Does it replace ODX?
While the results so far are impressive and I’m looking forward to more of this, it does not replace ODX. It complements it. But why would we want that you might ask, as we’ve seen in some early testing that it seems to beat ODX in speed? It’s high time to take a look at ReFS vNext Block Cloning and ODX in Windows Server 2016 TPv4.
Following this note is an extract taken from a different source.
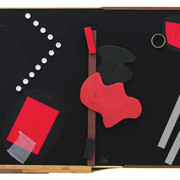 Sergio Dangelo, Lettera a El Lisitskiy (dipinto Nuovo Proun) 1983, oggetti e tecnica mista su tela cm. 100 x 144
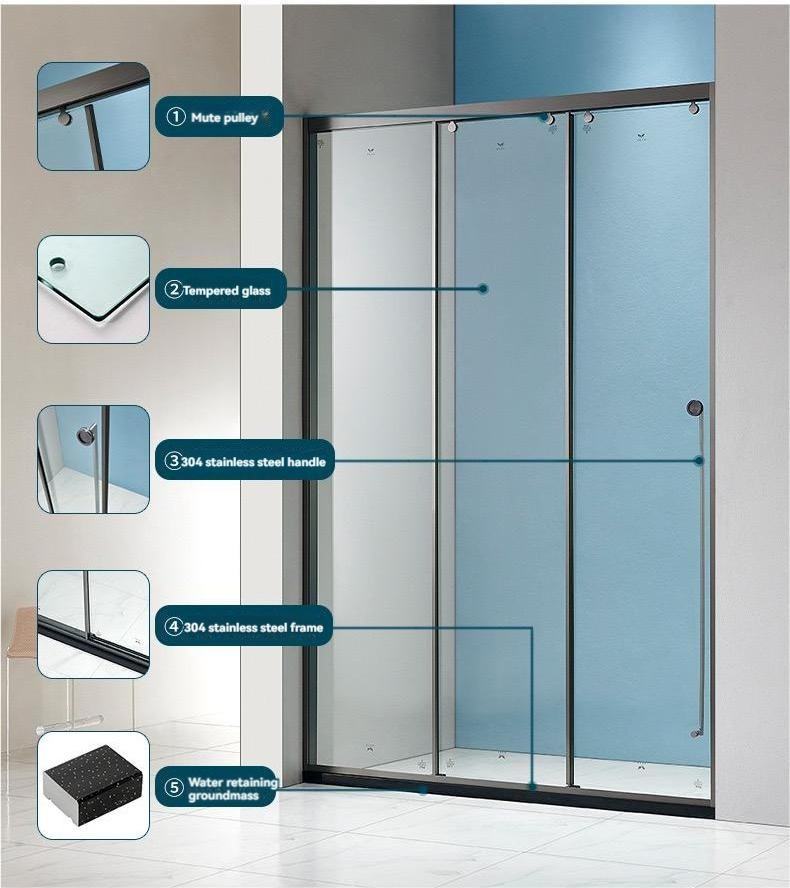 Modern 10mm Tempered Glass Shower Door with Frame Sliding Style for Bathroom Application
The reality is that sometimes you’ll probably don’t want ODX to be used as the capabilities of ReFS vNext will provide for better (faster) results. But sometimes ReFS vNext cannot do this. When? Block cloning for all practical purposes works within a volume. That means can only do its magic with data living on the same volume. So when you copy data between two volumes on the same LUN or between volumes on a different LUNs you will not see those speed improvements. So for deploying templates stored on another LUN/CSV fast it’s not that useful. Likewise, if for space issues or performance issues you were storing your checkpoints on a different LUN you will not see the benefits of ReFS vNext block cloning when merging those checkpoints. So you will have to revise certain design and deployment decisions you made in the past. Sometimes you can do this, sometime you can’t. But as ODX works at the array level (or beyond in certain federated systems) you can get excellent speeds wile copying data between volumes / LUNs on the same server, between volumes / LUNs on different servers. You can also leverage SMB 3.0 to have ODX kick in when it makes sense to avoid senseless data copies etc. So ODX has its own strengths and benefits ReFS vNext cannot touch and vice versa. But they complement each other beautifully.
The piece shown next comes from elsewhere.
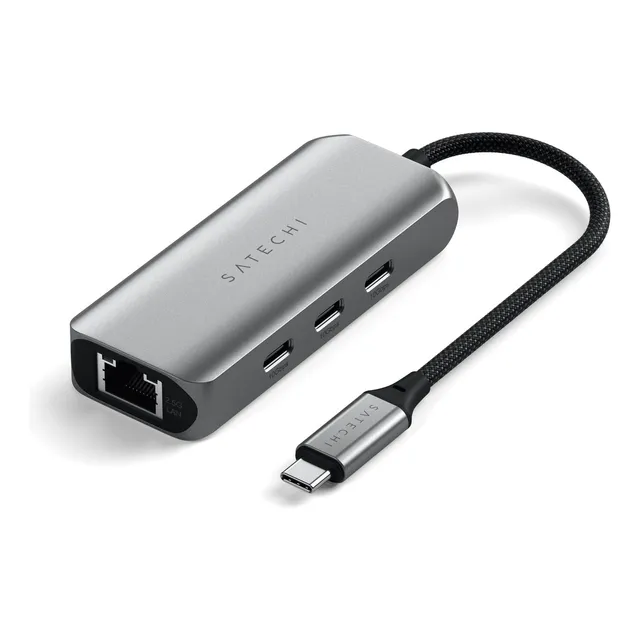 Hub Satechi Usb-c 4 En 1 ( 3 Usb-a 3.2 / Puerto Ethernet ) Color Space gray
So as ReFS vNext demonstrates ODX like behavior, often outperforming ODX, you cannot just compare those two head on. They have their own strengths. Just remember and realize that ReFS vNext actually does support ODX so when it’s applicable it can be leveraged. That’s one thing I did not understand form the start. This is beginning to sound like an ideal world where ReFS vNext shines whenever its features are the better choice while it can leverage the strengths of ODX – if the underlying storage array provides it – for those scenarios where ReFS vNext cannot do its magic as described above.
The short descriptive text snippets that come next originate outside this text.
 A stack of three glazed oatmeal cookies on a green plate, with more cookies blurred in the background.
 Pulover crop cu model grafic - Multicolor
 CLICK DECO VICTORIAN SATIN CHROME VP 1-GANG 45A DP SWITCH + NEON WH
I’m not the architect at Microsoft working on ReFS vNext. I do know however, that a bunch of very smart people is working on that file system. They see, hear and listen to our experiments, results, and requests. ReFS is getting a lot of renewed attention in Windows Server 2016 as the preferred file system for Storage Space Direct and as such for CSVs. Hyper-V is clearly very much on board with leveraging the capabilities of ReFS vNext. The excellent results of that, which we can see in speeding up VHDX creation/ extending and checkpoint merges, are testimony to this. So I’m guessing this file system is far from done and is going places. I’m expecting more and more workloads to start leveraging the ReFS vNext capabilities. I can see ReFS itself also become more and more feature complete and for example Microsoft has now stated that they are working on deduplication for ReFS, although they do not yet have any specifics on release plans. It makes sense that they are doing this. To me, a more feature complete ReFS being leveraged in ever more uses cases is the way forward. For now, we’ll have to wait and see what the future holds but I am positive albeit a bit impatient. As always I’m providing Microsoft with my feedback and wishes. If and when they make sense and are feasible they probably have them on their roadmap or I might give them an idea for a better product, which is good for me as a customer or partner.